Jiménez should have spoken to Elmasry to have him defend his comments personally, but I doubt that she felt the need. Our media have been so warped by zionist bigotry that “suicide bomber” “terrorist” and “Palestinian” go together unconsciously.

Jiménez compounded her error four days later when she not only repeated the false statement but said Elmasry recanted it. Not to be outdone, columnist Christie Blatchford joined the “suicide bomber” chorus on Oct. 30 with a little piece entitled: “The real Mohamed Elmasry.” The most egregious example of journalistic failure, though, was the Oct. 26 editorial “Elmasry’s offence,” which began:

“When a Canadian Muslim leader justifies the use of violence for any purpose, he does a deep disservice to the people he is supposed to represent. It is one thing to sympathize with a cause you believe is just and to empathize with those involved. But it is quite another to excuse horrific acts that are committed in the name of that cause.”

This sanctimonious drivel is typical of the pro-Israel apologetics scribbled by B’nai Brith poster boy Marcus Gee, but it also serves to highlight the second major failure of the media’s coverage of Muslims—conspicuous silence on Jewish misconduct.

Also on the Coren show was Adam Aptowitzer, Ontario chairman for the B’nai Brith’s Institute for International Affairs. What he said did constitute a hate crime, but not a word of what he said was printed until Nov. 3 when Jiménez scribbled a perfunctory 73-word brief announcing that Aptowitzer had resigned his position.

Given the hysteria over Elmasry’s comments, one wonders why the Globe didn’t rip into Aptowitzer for making these two statements:

“When Israel uses terror to go in and I say, it uses terror to destroy a home and convince people, you know, [to] be terrified of what the possible consequences are; I say that that is an acceptable use of [it], to terrify someone.”

“Terror is an option to be used by states in order to prevent deaths of their own citizens and of others. Acts that take place in Gaza and West Bank, you might want to classify them as terrorists sponsored by the state. But when that is being done to prevent deaths, are we going to say that is wrong?”

In the first citation, Aptowitzer justifies home demolition, which is a crime against humanity.
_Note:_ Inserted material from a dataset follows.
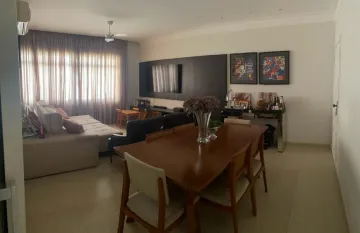 Alugar Apartamento / Padrão em São José do Rio Preto. apenas R$ 430.000,00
In the second, he justifies murdering Palestinians to save the lives of Jews.

Clearly, Aptowitzer is advocating that hate crimes be committed against Palestinians, yet all we hear from our media is deafening silence—barely a word of reportage and certainly no anger or indignation.

Not even in the three weeks since the Coren show aired has the Globe condemned Aptowitzer, who is not being investigated for committing a hate crime. According to Sgt. Jeff Corey of the Halton Regional Police, nobody has made a complaint.

The lesson to be taken from this sorry episode is clear: if a Muslim makes even the tiniest slip of the tongue his words will be exaggerated out of all proportion; if a Jew should advocate or commit overt terrorism against Arabs, the story will be ignored or downplayed as much as possible.

Take the case of Kevin Haas, a deeply disturbed Jew who was arrested for spreading hate literature at Ryerson University and sending death threats to the presidents of the campus's Arab Students Association and Muslim Students Association.

The university’s paper The Eyeopener wrote four excellent, detailed articles—one on Oct. 13 and three on Oct. 26. In one of the latter articles, a spokesman for Ontario attorney-general Michael Bryant said a charge of committing a hate crime was uncertain.


Elmasry, a respected, erudite man is being investigated for uttering one statement, yet a deranged Jewish zealot who committed criminal acts might not? This is madness, as is the way the Globe reported the story. Under the headline “Non-student is a suspect in hate crimes at Ryerson U,” we read:

“Concerned staff and students at Ryerson University breathed a sigh of relief yesterday as Toronto Police announced they had arrested a 21-year-old man they believe is responsible for a string of hate crimes, vandalism and death threats at the school.”

From the headline and lead, you’d never know the perpetrator was Jewish, but in Elmasry’s case his religion was prominently reported in both. So long as our media betray a zionist bias, the ideal of honest reporting will remain a pious fiction.